_What needs to be done:_ Copy each line of the data below exactly, leaving out pictures.

_Given information:_
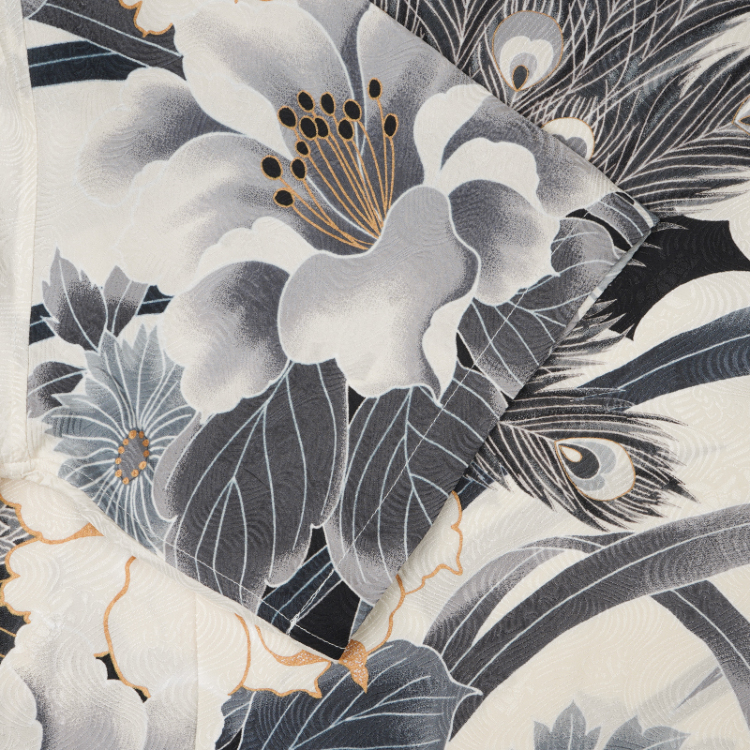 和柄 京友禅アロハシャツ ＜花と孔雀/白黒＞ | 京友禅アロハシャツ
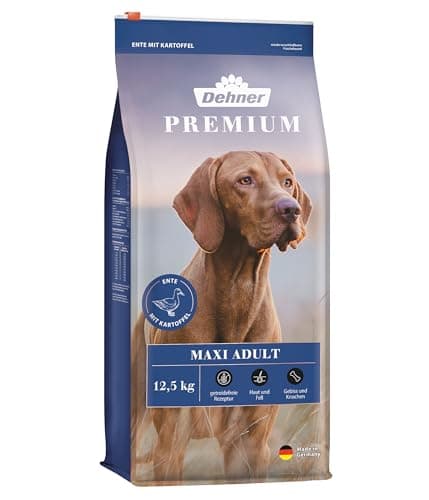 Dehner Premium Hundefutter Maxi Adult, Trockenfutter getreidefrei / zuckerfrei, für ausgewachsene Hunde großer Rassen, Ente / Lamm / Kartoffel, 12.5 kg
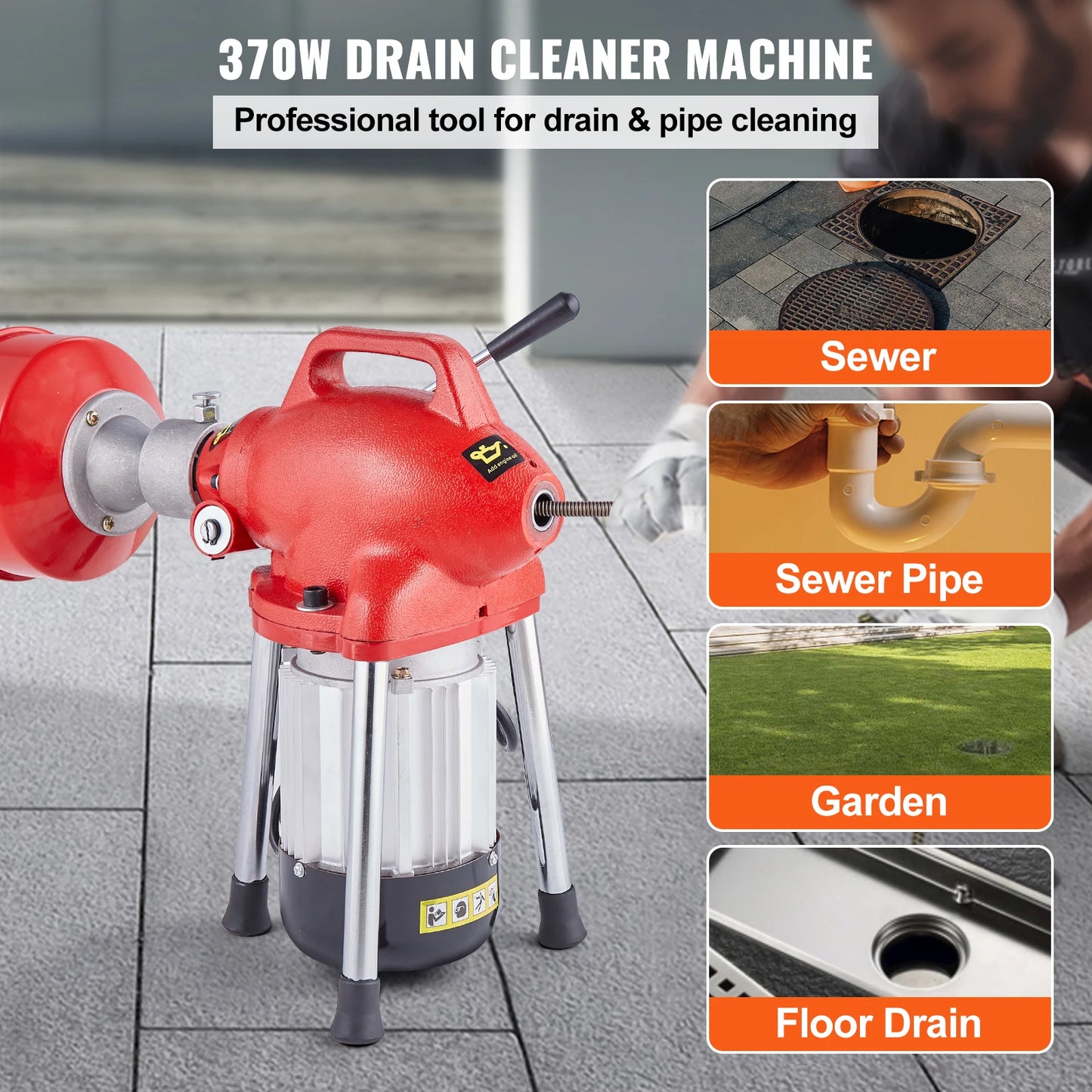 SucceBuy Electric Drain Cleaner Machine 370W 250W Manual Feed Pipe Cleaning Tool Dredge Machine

_Task response:_
 和柄 京友禅アロハシャツ ＜花と孔雀/白黒＞ | 京友禅アロハシャツ
 Dehner Premium Hundefutter Maxi Adult, Trockenfutter getreidefrei / zuckerfrei, für ausgewachsene Hunde großer Rassen, Ente / Lamm / Kartoffel, 12.5 kg
 SucceBuy Electric Drain Cleaner Machine 370W 250W Manual Feed Pipe Cleaning Tool Dredge Machine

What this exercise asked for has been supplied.